Working data:
▼▼▼

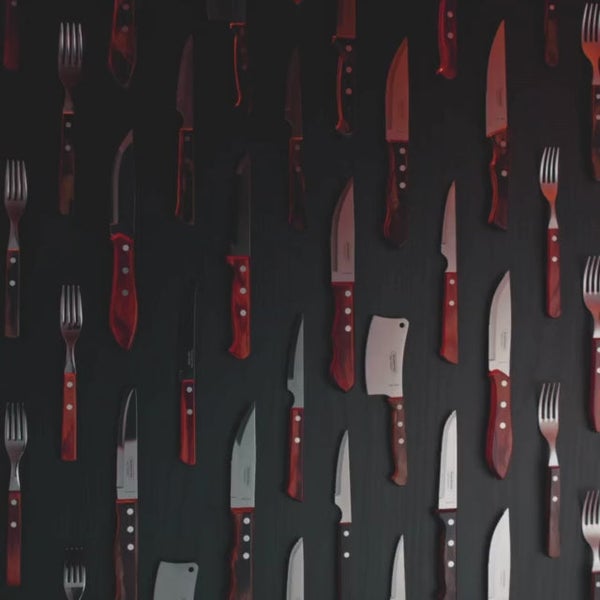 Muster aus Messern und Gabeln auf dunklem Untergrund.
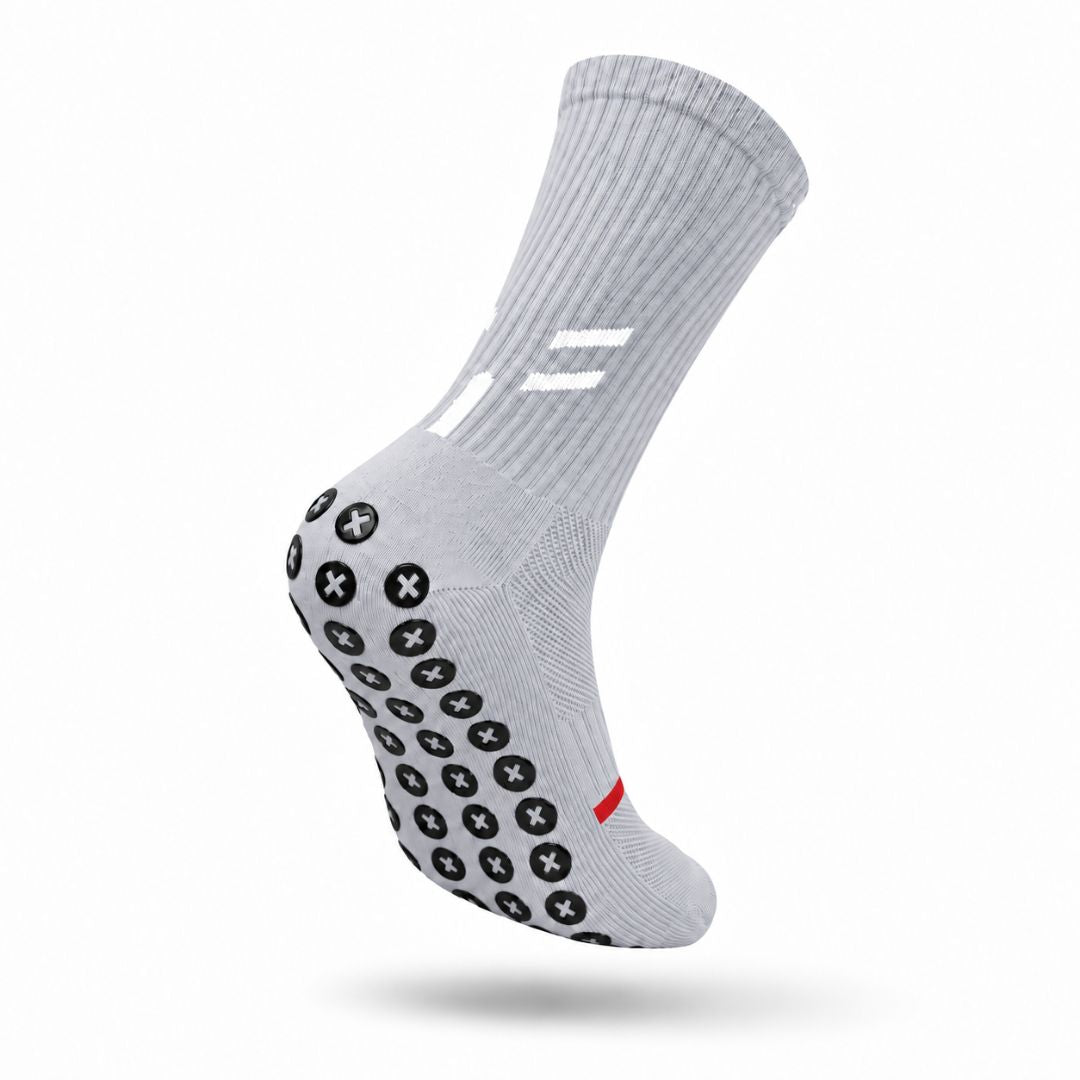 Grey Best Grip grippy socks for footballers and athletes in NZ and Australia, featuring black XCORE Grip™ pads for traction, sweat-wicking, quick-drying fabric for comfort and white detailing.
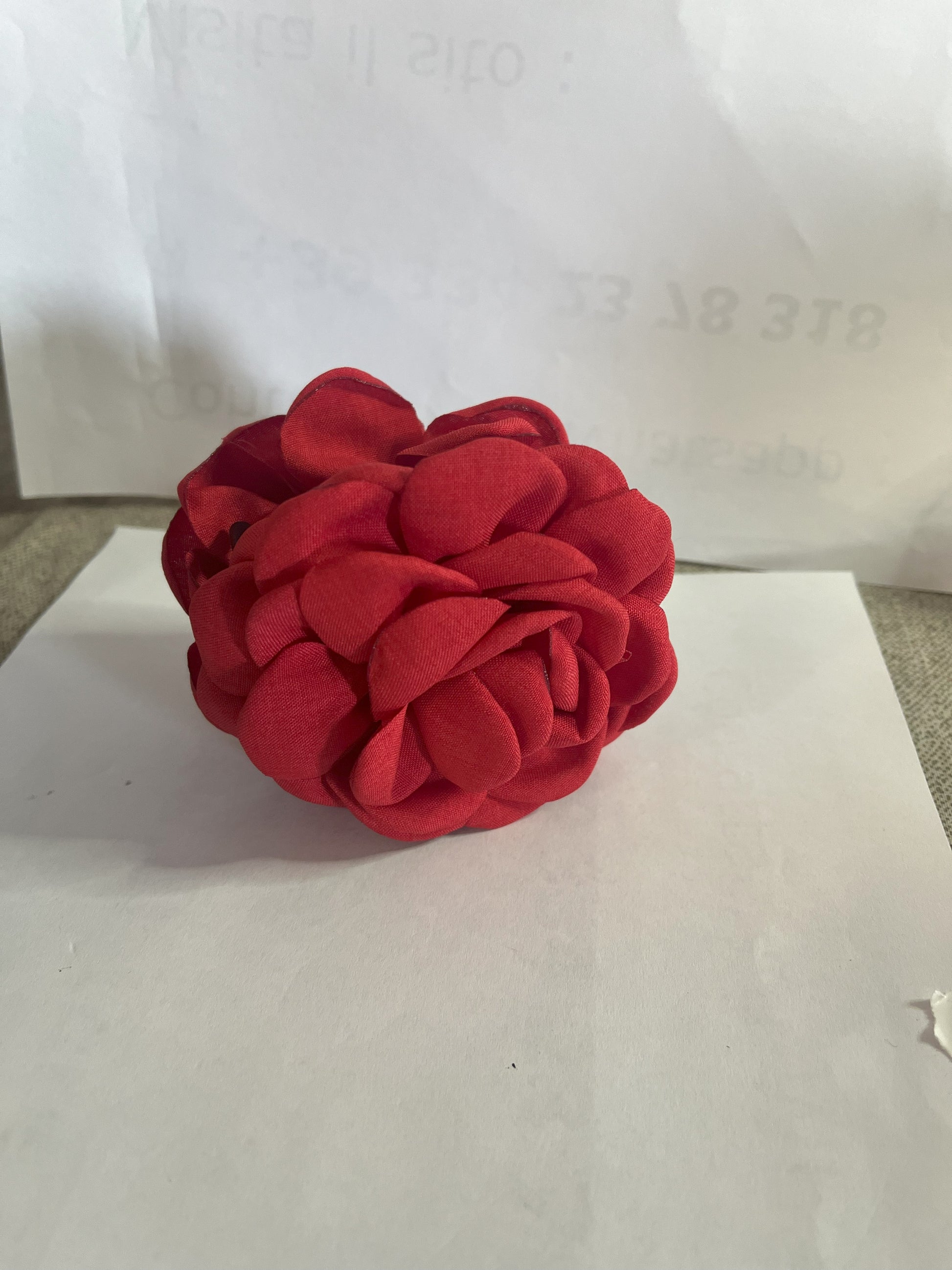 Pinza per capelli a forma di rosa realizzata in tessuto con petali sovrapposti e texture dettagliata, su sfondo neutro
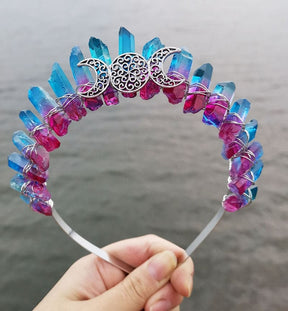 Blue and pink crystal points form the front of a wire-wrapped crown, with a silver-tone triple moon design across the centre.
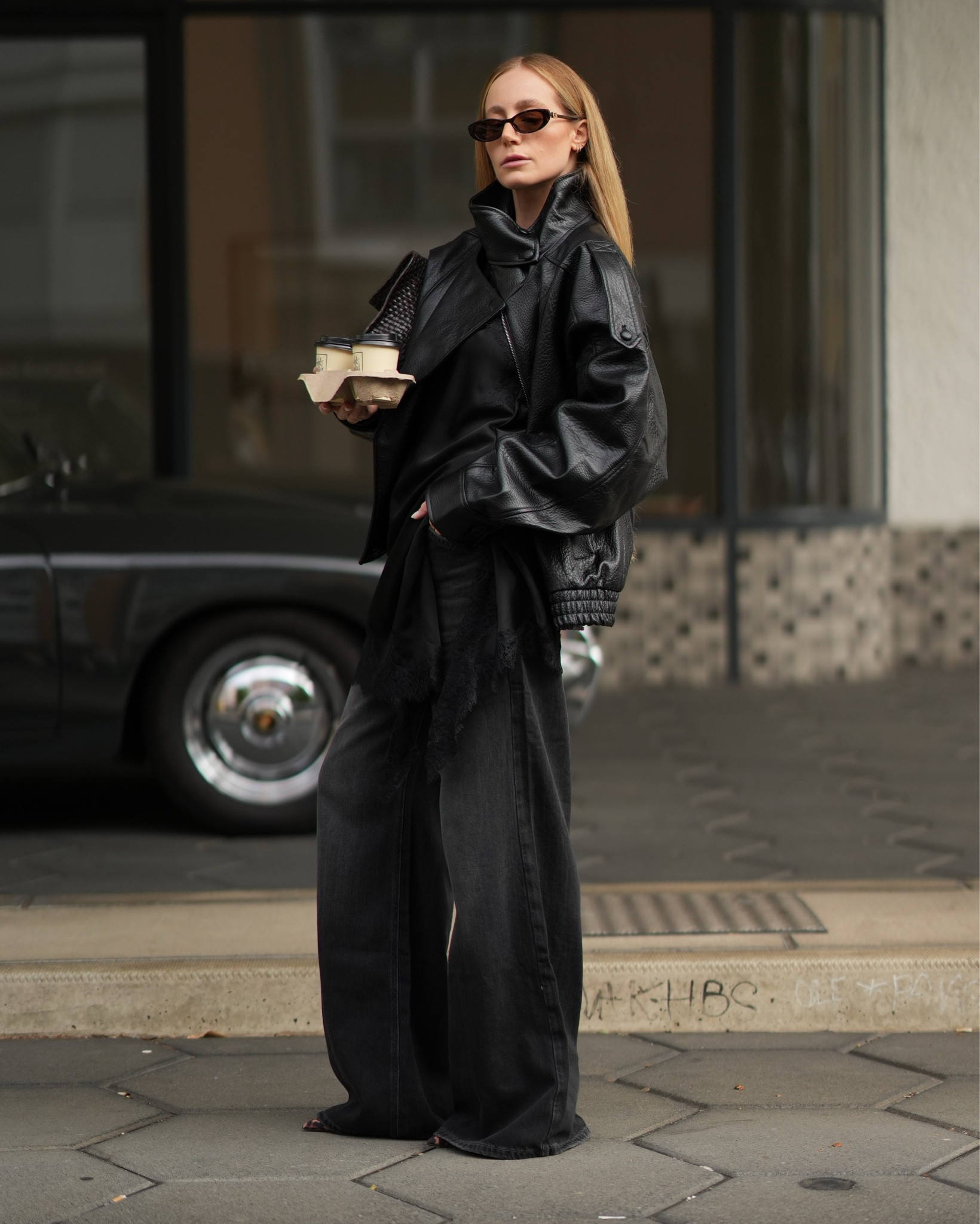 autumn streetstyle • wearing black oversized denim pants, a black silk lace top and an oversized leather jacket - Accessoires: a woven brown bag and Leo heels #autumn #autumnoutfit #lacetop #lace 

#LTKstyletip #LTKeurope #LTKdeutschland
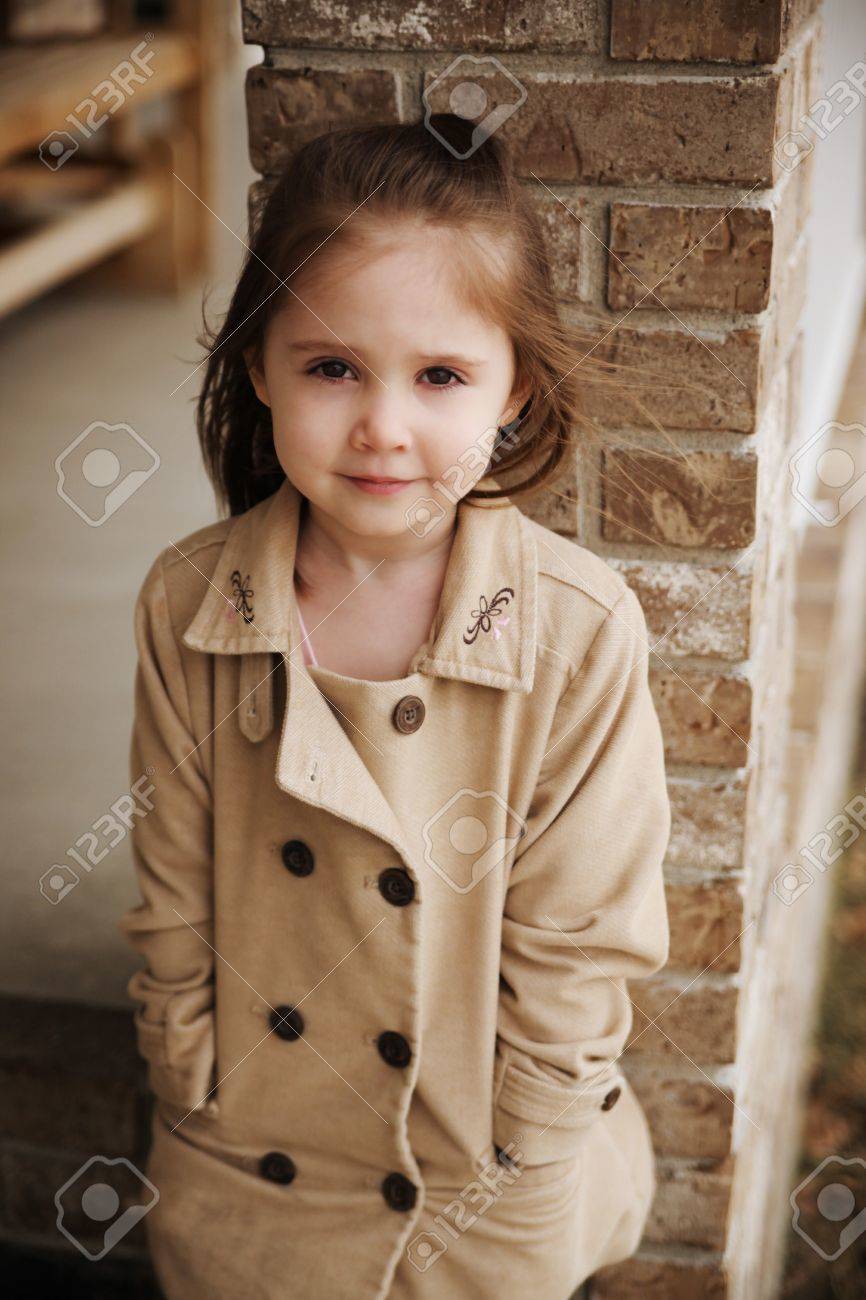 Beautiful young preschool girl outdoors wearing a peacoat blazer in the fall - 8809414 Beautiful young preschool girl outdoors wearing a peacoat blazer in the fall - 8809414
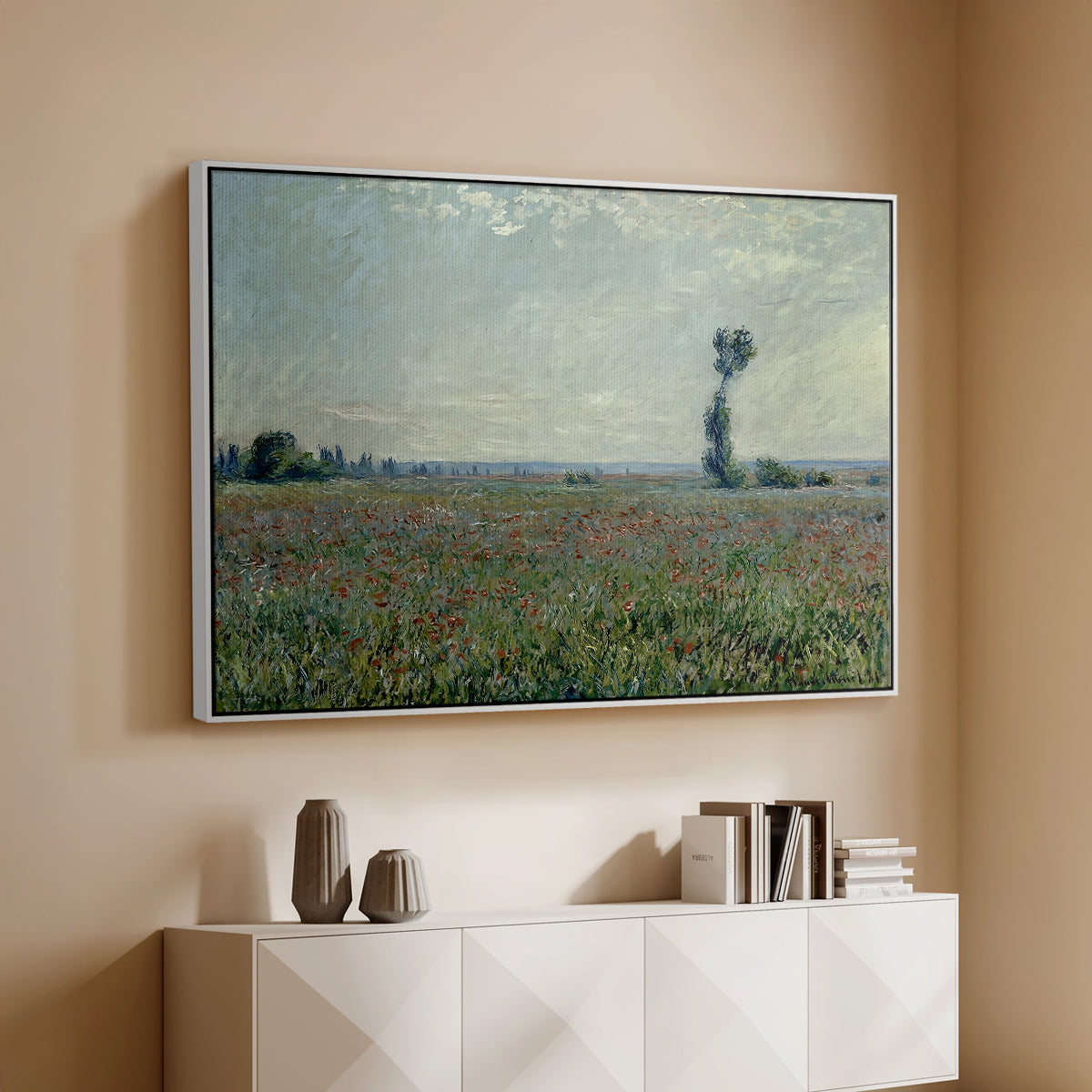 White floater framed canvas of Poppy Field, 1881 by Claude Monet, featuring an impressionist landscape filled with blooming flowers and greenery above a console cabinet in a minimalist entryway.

▲▲▲

Task to carry out:
Go from the first line of the listing to the line holding "Grey Best Grip" and, please, transcribe those lines exactly, both included, with no pictures.

Result of this task:
 Muster aus Messern und Gabeln auf dunklem Untergrund.
 Grey Best Grip grippy socks for footballers and athletes in NZ and Australia, featuring black XCORE Grip™ pads for traction, sweat-wicking, quick-drying fabric for comfort and white detailing.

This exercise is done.